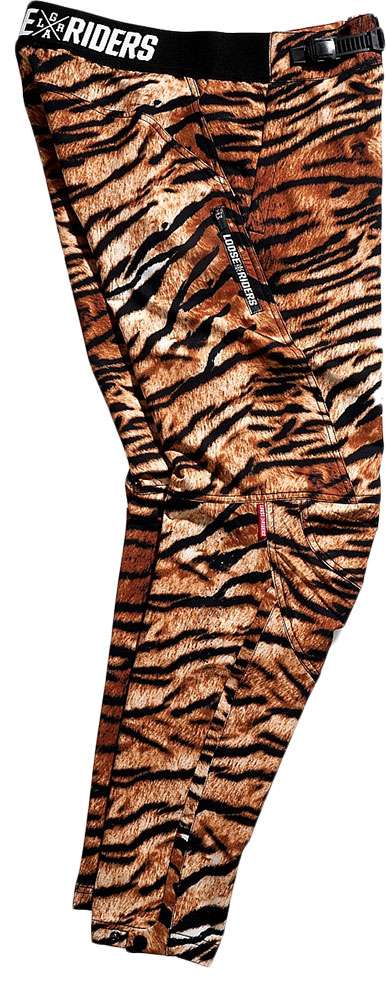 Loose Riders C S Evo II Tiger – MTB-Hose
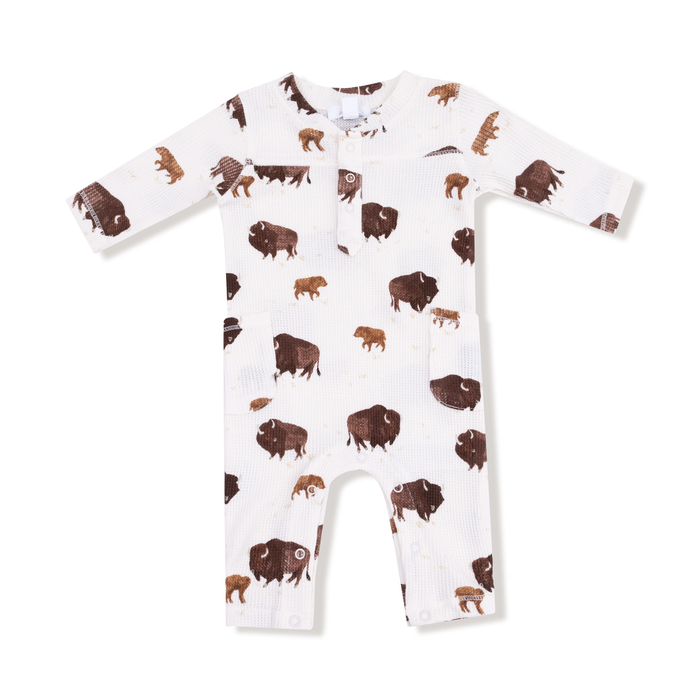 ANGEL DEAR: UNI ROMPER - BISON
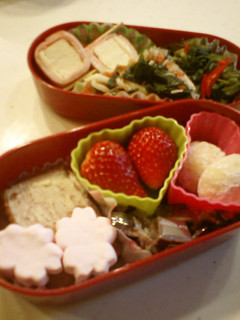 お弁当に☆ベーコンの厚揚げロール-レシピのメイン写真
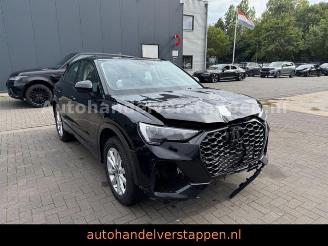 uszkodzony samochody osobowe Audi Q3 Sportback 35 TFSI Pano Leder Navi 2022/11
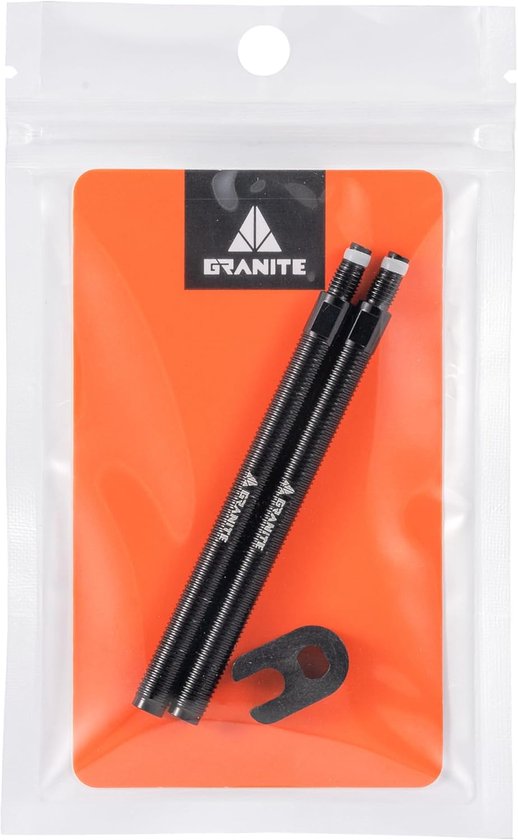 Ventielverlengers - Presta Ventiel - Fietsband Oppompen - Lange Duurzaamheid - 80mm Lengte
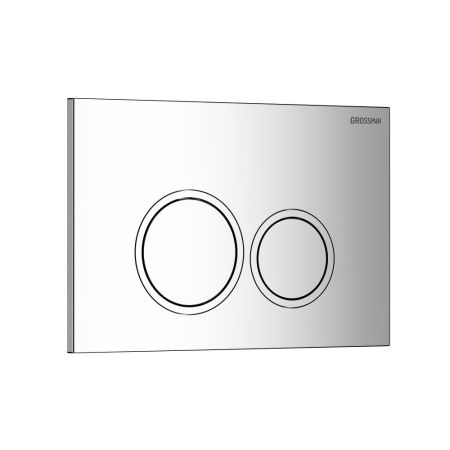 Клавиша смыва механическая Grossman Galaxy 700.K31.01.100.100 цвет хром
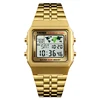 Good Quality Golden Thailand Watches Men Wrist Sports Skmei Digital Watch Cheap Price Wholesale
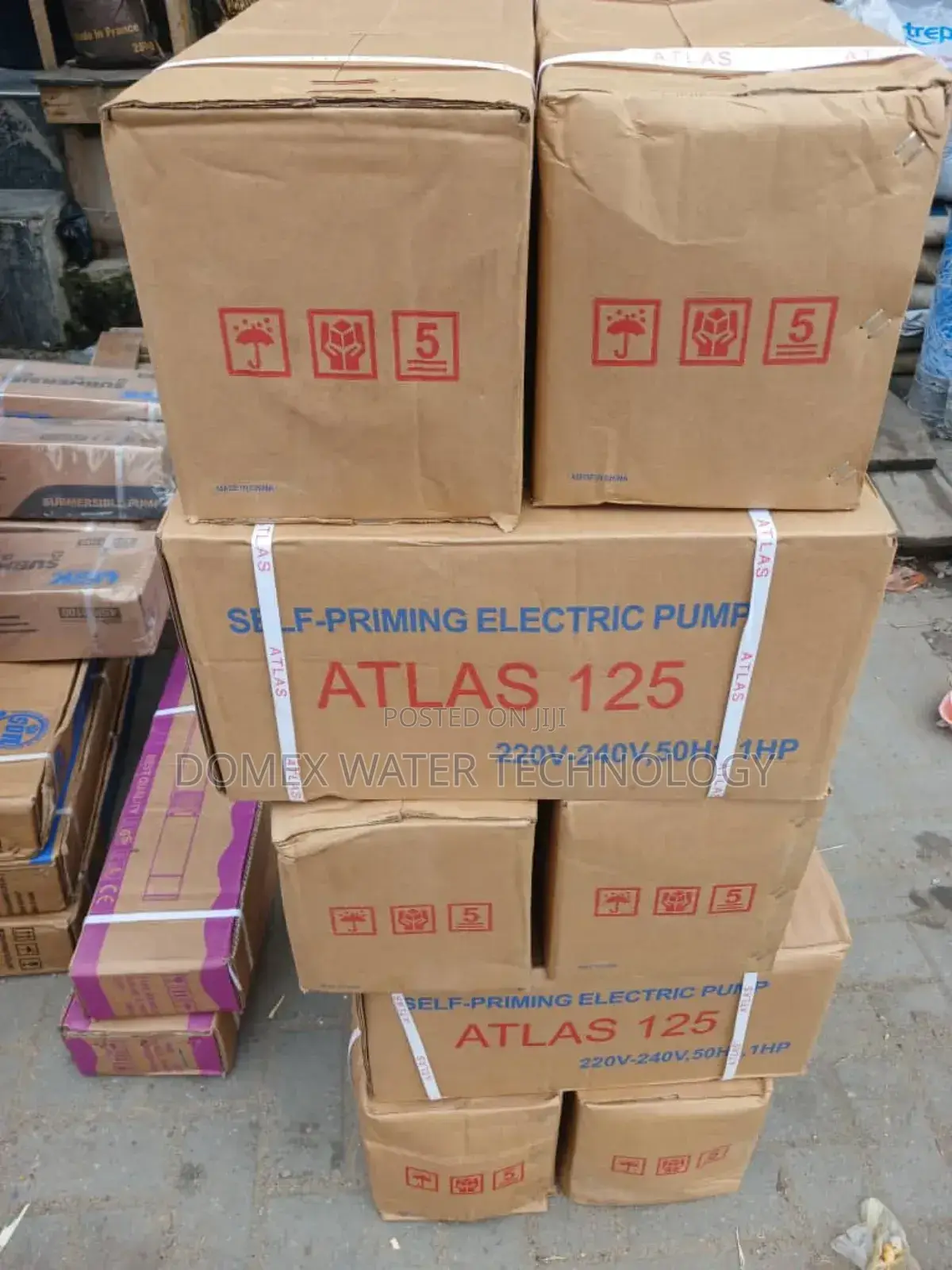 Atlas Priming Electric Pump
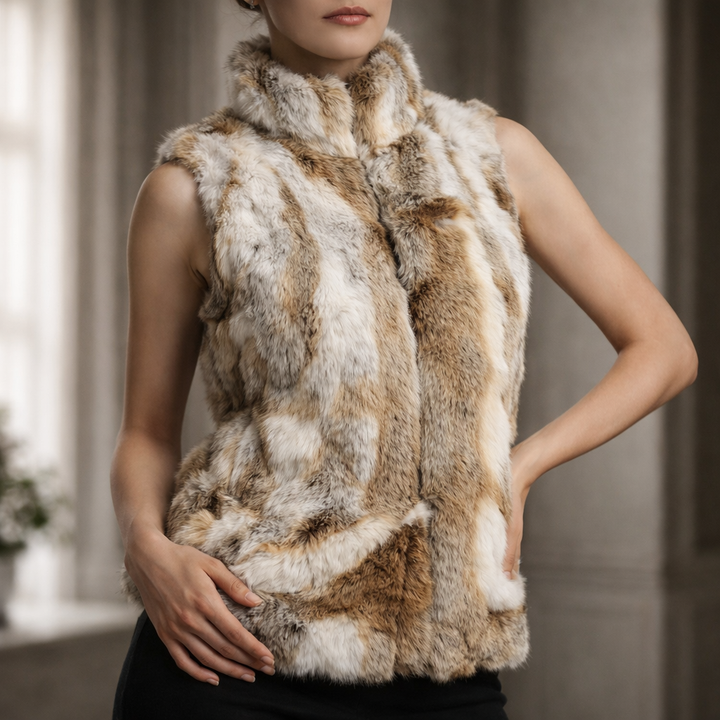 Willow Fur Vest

-.-.-

WORK TASK: Nothing but the lines from the top of the data above through the line containing "Клавиша смыва механическая" should be output, exactly as written and without the pictures.

RESPONSE TO THE EXERCISE:
 Loose Riders C S Evo II Tiger – MTB-Hose
 ANGEL DEAR: UNI ROMPER - BISON
 お弁当に☆ベーコンの厚揚げロール-レシピのメイン写真
 uszkodzony samochody osobowe Audi Q3 Sportback 35 TFSI Pano Leder Navi 2022/11
 Ventielverlengers - Presta Ventiel - Fietsband Oppompen - Lange Duurzaamheid - 80mm Lengte
 Клавиша смыва механическая Grossman Galaxy 700.K31.01.100.100 цвет хром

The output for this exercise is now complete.